The mistaken assumption is that Gordon was seen as a hero of the cocaine-laden,
money-hungry 1980’s. He was no hero and goes to jail for his offenses, you
know, buying stock and selling it cheap and making millions in the process.
Still, Gordon had something money can’t buy – sophistication and a smile that
most grifters could never muster. Bernie Madoff, a real-life swindler, used a
Ponzi scheme to rip off wealthy people through the wealth management branch of
his firm. It amounted to more than 65 billion dollars fraud, the biggest of its
kind in history. In Barry Levinson’s deadly serious film, “The Wizard of Lies,”

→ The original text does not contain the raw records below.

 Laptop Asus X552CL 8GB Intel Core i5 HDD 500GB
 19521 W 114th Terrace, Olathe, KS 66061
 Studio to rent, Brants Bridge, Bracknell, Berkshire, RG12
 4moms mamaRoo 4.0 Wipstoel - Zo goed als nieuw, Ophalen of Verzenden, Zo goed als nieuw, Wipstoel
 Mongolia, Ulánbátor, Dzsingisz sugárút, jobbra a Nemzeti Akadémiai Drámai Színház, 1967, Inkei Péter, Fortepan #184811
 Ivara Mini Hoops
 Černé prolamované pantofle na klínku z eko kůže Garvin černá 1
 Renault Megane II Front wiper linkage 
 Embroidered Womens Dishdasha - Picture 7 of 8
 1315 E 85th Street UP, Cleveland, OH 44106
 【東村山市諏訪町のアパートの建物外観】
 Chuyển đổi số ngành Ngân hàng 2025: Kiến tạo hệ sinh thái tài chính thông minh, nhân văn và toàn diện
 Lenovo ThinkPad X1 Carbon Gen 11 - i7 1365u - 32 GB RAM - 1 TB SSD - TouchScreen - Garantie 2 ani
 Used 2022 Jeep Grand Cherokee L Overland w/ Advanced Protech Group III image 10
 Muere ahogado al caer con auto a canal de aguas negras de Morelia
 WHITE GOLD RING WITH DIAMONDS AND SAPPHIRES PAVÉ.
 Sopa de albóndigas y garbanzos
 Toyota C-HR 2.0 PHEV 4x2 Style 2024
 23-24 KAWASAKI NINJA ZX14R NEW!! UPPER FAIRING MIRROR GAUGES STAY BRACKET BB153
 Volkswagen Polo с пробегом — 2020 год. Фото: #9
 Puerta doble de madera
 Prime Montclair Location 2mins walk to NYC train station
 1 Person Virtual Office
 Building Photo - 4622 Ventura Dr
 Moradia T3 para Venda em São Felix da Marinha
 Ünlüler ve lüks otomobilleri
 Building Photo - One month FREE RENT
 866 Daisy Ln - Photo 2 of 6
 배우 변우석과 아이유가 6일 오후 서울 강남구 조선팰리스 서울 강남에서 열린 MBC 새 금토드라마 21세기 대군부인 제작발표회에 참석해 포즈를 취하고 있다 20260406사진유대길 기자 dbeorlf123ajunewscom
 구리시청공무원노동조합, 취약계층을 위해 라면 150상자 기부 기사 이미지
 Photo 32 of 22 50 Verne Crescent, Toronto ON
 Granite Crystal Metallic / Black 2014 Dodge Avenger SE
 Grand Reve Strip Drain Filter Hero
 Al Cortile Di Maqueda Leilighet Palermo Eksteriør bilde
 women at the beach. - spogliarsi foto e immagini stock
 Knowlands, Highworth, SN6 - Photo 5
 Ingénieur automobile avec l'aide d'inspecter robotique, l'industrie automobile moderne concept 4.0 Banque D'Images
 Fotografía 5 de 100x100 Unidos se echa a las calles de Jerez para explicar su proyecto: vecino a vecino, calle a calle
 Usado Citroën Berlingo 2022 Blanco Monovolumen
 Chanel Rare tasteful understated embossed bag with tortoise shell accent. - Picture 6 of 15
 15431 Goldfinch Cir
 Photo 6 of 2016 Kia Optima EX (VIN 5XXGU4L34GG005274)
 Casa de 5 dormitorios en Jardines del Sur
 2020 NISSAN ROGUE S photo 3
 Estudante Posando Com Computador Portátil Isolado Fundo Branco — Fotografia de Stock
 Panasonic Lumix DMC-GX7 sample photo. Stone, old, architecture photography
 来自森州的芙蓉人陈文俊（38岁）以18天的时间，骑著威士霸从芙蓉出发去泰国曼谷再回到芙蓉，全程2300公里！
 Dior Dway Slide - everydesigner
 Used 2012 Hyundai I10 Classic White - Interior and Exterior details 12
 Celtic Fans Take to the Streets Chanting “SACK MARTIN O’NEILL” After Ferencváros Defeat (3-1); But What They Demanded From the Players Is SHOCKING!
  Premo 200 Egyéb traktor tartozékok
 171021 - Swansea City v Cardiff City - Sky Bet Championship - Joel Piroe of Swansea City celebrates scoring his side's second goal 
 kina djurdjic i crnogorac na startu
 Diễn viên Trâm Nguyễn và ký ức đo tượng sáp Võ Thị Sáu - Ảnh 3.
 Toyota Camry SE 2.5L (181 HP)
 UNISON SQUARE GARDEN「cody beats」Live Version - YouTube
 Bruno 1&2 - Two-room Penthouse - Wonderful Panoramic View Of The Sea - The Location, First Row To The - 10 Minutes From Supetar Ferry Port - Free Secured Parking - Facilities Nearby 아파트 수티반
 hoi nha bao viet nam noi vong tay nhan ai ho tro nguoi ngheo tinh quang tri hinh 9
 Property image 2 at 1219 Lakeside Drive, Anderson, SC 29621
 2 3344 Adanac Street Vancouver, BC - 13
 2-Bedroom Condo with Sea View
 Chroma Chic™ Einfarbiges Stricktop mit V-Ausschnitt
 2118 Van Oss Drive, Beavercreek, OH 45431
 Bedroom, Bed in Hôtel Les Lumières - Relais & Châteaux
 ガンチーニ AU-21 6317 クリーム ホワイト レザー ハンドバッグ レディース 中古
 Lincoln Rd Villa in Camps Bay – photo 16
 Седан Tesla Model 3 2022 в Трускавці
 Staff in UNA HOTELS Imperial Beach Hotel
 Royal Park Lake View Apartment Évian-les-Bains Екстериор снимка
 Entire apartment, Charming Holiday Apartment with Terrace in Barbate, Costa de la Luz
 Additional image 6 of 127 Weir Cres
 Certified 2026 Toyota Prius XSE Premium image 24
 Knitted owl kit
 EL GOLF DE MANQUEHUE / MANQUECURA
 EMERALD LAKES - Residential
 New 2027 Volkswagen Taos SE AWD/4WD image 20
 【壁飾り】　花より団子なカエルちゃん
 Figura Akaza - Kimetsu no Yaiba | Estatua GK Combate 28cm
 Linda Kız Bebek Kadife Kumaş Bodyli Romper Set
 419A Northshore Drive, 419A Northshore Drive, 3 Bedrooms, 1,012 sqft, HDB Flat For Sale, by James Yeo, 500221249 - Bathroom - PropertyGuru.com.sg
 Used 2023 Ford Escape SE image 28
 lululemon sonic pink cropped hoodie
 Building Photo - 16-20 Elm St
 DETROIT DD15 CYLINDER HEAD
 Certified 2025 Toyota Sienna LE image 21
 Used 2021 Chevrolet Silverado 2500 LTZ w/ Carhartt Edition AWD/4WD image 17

Bernie is an amoral man who steals, and steals, and steals and there is nothing
more, nothing less at stake. From
beginning to end, he is the same exact person, resolutely uncaring and
undeniably evil.
In 1960, Bernie Madoff (Robert De Niro) founded and
was chairman of the Wall Street firm Bernard L. Madoff Investment Securities
LLC. Although I can’t begin to understand this firm’s business model, let’s
just say that it was linked to the creation of NASDAQ. The roots of the firm’s
prominence and longevity, however, hold little interest in “The Wizard of Lies.”
The film starts off in December 2008, just after the economic collapse, when
the turds began to fly and hit innocent victims in the face. Well, not so
innocent to Madoff who justifies his criminal activity of more than two decades
by claiming that his victims should’ve known better than to invest. His victims
were greedy, if not more so than he was.
The fascinating aspect to “The Wizard of Lies” is
that there is no sense of sneaky, amoral fun to the schemes, no real kick. A
business meeting is what it is, and when Madoff scores and gets the billions,
he has no real pleasure in what he does. Ironically, it is as if it meant
nothing to him, just another day at the office.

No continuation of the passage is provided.